Racism, sexism, etc.

So I'm cross-posting this from my blog. There's a bit of backstory to it, but all the links are there if you need them.

So the stuff I was writing about here has mainly been excused by the fans of that vile cartoon by the idea that it wasn't intentionally racist! Just like that New Yorker cartoon was excused because it was SATIRE, man! Satire!

This is the thing: most of us are not intentionally racist. Most of us are not intentionally sexist. Yet these things still exist. (Yes, some people are gleefully, openly racist and sexist, but we're not talking about them here. Don't derail me.)

M. LeBlanc at Bitch, Ph.D. wrote an excellent post about racism and sexism a while back that I think you should read. Really.

Racism isn't only about burning a cross on your lawn or about saying that you wouldn't vote for Obama because he wants to enslave white people. It can be as simple as locking your car door when you drive through a black neighborhood, or assuming in your head that the black woman you see walking down the street with her kid must be unmarried. Or saying that the men in that cartoon don't have the right hair texture to be black.

Sexism isn't only about telling your wife to quit her job and get back in the kitchen, or jerking off to really offensive porn (whatever your idea of that is).
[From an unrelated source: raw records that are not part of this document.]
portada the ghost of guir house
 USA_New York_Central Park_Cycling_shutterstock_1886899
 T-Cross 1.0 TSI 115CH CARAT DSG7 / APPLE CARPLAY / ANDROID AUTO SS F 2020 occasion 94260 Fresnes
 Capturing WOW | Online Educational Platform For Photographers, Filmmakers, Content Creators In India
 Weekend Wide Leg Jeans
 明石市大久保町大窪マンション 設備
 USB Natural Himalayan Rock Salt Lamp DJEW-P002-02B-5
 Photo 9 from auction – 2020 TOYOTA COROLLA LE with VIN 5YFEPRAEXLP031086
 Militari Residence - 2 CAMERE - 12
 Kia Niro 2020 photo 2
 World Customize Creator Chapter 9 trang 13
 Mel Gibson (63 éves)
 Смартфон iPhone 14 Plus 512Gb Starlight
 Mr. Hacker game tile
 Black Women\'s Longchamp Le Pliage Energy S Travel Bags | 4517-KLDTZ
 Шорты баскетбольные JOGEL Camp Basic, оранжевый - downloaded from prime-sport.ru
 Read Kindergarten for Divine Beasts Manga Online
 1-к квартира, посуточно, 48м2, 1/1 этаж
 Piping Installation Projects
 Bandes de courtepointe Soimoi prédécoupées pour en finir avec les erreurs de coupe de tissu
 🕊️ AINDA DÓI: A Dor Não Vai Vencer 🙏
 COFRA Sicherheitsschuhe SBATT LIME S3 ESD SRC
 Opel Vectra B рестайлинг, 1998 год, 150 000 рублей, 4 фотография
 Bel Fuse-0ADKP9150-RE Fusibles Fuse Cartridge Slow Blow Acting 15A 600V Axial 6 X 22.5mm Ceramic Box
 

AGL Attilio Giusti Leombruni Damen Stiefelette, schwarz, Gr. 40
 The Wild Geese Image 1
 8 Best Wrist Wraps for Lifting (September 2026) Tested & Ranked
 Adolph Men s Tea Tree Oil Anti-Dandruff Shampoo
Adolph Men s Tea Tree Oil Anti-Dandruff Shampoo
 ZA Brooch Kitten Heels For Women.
It's assuming that a woman who looks a certain way is stupid. It's perpetuating a false dichotomy between "male" and "female" characteristics and according only the male ones value. (Why do you really think you value not wearing makeup and not shaving? Is it because doing those things makes you less a tool of the patriarchy, or because not doing them makes you less feminine?)

We all do a million little racist and sexist things every day. I do. You do. Barack Obama does and Hillary Clinton does and Noam Chomsky does and Beth Ditto does.

I love to harp on the fact that people are not either good or evil. There is not a line between the good guys and the bad guys that we can see. This isn't a Batman movie (and hell, even that recent Batman movie played with those lines in a way that made me quite happy).

I'm not saying that there aren't people who cross lines that make me unwilling to forgive them. Dick Cheney? No matter how much he renounced, I don't think I'd ever be cool with Dick. Jesse Helms? Jerry Falwell? I did not cry or pronounce one word of regret when they died.

But having it pointed out that you unwittingly participated in something racist or sexist should not be a call for a huge defensive freakout designed to point out that you're one of the good ones and therefore what you did couldn't possibly be wrong or bad, because you didn't intend for it to be!

In literary criticism, we don't worry too much about the intent of the author. We look at the signs and signifiers, and interpret the message based on those.

This is a long-winded way of saying if someone calls you out on racism or sexism, the best thing to do maybe is give it a couple of seconds of thought, at least, and decide if they're right. Then, the proper response is, if the questioner appears to be even remotely in good faith, "I'm sorry I offended you. I didn't mean to be racist/sexist/ableist/whatever."

Then you learn from it and get over it. It doesn't make you the devil, or discount the good things you've done in the past, or even make most people hate you. It makes you human.